The reputation of precious metals as a safe haven in times of uncertainty was tarnished once again as spot gold prices tumbled more than 7.5 percent before paring back a fair chunk of that loss.
Bitcoin was also bludgeoned, with Bloomberg data showing that it plunged as much as 18 percent on Monday before clawing back some of those losses.
The Fed pulled pages from its crisis-era playbook on Sunday, slashing interest rates to near zero and unleashing a handful of other measures designed to keep credit markets – which have been showing signs of stress in recent weeks – running smoothly.
Among the measures, the Fed decided to restart “quantitative easing” or QE – the programme of buying bonds from the US Treasury and mortgage-backed securities markets. By supporting the smooth functioning of these markets, the Fed is attempting to help businesses and consumers access the credit they need to weather the coronavirus storm.
The Fed also slashed reserve requirements for thousands of US banks and eased conditions for banks at the discount window – again with the aim of helping financial institutions more easily meet the demand for credit from households and businesses straining under virus disruptions.
On a more global scale, the Fed in concert with five other central banks reduced the pricing on dollar swap lines to ensure that there is a sufficient amount of US dollars – the global reserve currency – to ensure that the markets for borrowing and lending greenbacks overseas do not become overly strained.
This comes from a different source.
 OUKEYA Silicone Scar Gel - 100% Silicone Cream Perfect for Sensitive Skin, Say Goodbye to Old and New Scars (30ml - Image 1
If these markets seize up, it could feed back into the US economy.
But with so many unknowns surrounding the coronavirus outbreak, investors took little solace from the Fed’s extraordinary actions.
“As the scale of the economic and market disruption wrought by the coronavirus becomes clear, it seems likely that investors will increasingly start to question whether policymakers have already exhausted their capacity to respond,” Capital Economics group chief economist Neil Shearing wrote in a client note this morning. “As we have noted before, history suggests that equity markets are only likely to bottom out when it becomes clear that the flow of new cases of the virus has peaked.”
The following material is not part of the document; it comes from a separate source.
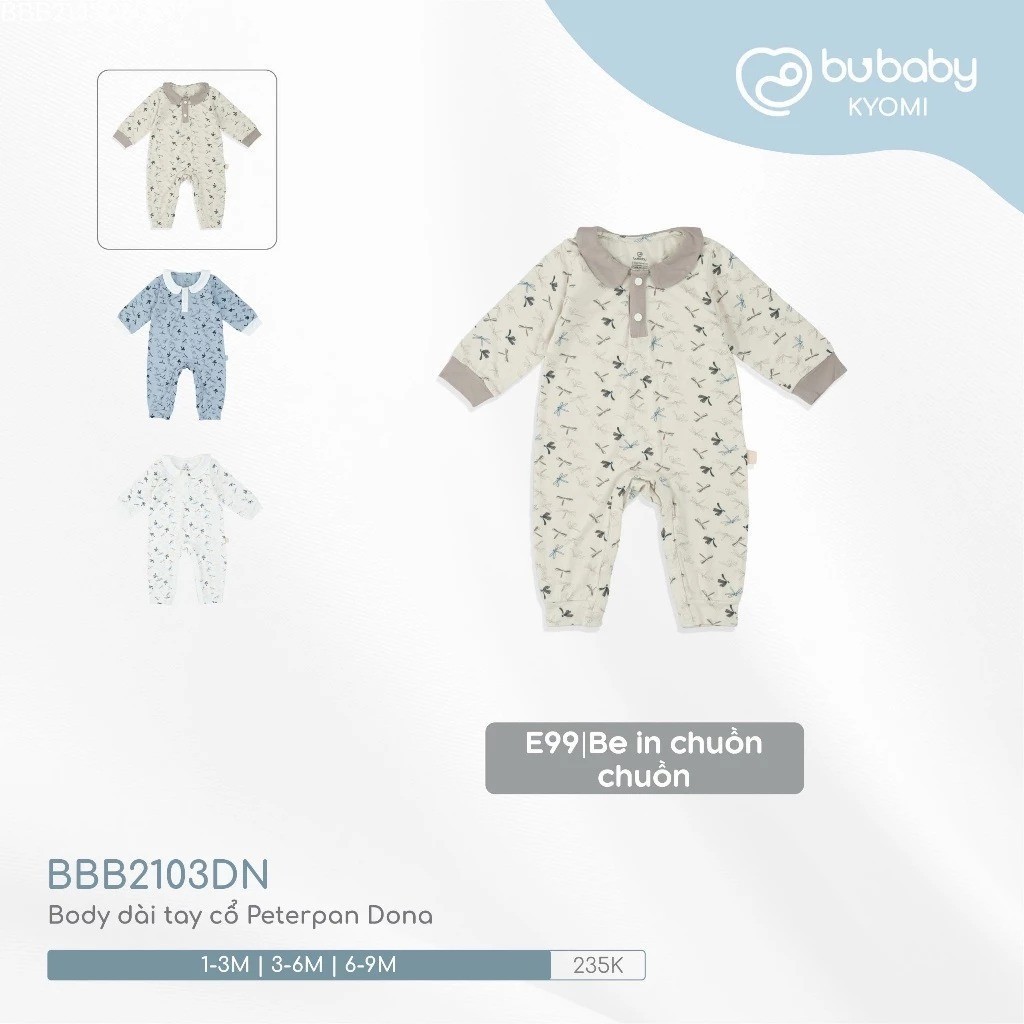 (1-12M) Body dài tay cho bé sơ sinh Bubaby - Tổng hợp body dài tay cho bé - Bubaby sơ sinh –  Bubaby chính hãng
Joel Prakken, the chief US economist at IHS Markit, wrote in a note to clients this morning, “We now expect a recession to begin in the second quarter”, citing a slowdown in consumer spending that accounts for roughly two-thirds of US economic growth.
“With global growth slowing sharply, financial conditions tightening dramatically, energy prices plunging, and ‘social distancing’ forcing cancellations of sporting events, Broadway shows, dinner reservations, travel plans, conventions, etc., we now expect a sharp decline through June in “at-risk” personal consumption expenditures (PCE) on services to precipitate a consumer-led recession beginning in the second quarter and lasting through the end of the year,” Prakken wrote.
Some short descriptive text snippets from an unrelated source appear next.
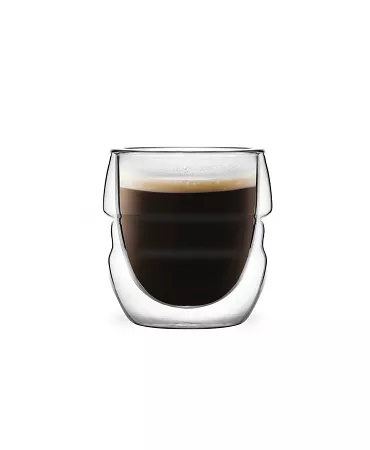 Kpl. filiżanek termicznych do espresso z podwójną ścianką 70 ml (2 szt.) Vialli Design - Sferico 7947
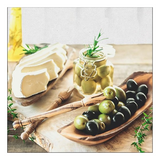 Szalvéta Olives and Cheese papírszalvéta 33x33 cm 20 db-os
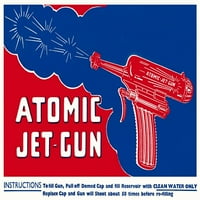 Poster atomskog jet-pištolja Print RetroGun Retrogun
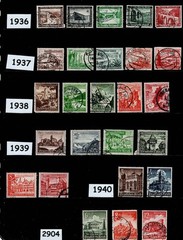 Stamp collection 1936-37-38-39-1940 Germany Winter relief Charity fund #2904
Many market participants are looking for concrete fiscal measures by the US government to compliment the Fed’s monetary moves to blunt the fallout of coronavirus.
“My biggest concern (along with many market participants) is that Congress may not put partisan politics aside until something breaks,” Steven Ricchiuto, US chief economist at Mizuho Securities USA, wrote in a note to clients. “What policymakers don’t get is that memories of the financial crisis are fresh in people’s minds, and people remember the number of failures that had to occur before Washington got its act in gear back then.”
Interest rate-sensitive financial stocks were roiled on Monday along with energy stocks.
Dow financials lost 14.81 percent, while the energy sector fell 12.94 percent.
Shares of airlines were hammered. US airlines, which have been slashing services, cutting costs and laying off workers, are seeking a $50bn government bailout, sources told Reuters news agency.
Boeing shares had a spectacularly bad day, losing 23.84 percent, as coronavirus travel disruptions further clouded the return to service of the 737 MAX aircraft that saw two fatal plane crashes in 2018. The aircraft maker’s stock is now trading at $129.61 a share.
The price of global benchmark Brent crude tanked more than 12 percent on Monday, falling below $30 a barrel, while US benchmark West Texas Intermediate crude fell 9.7 percent to $28.63 a barrel.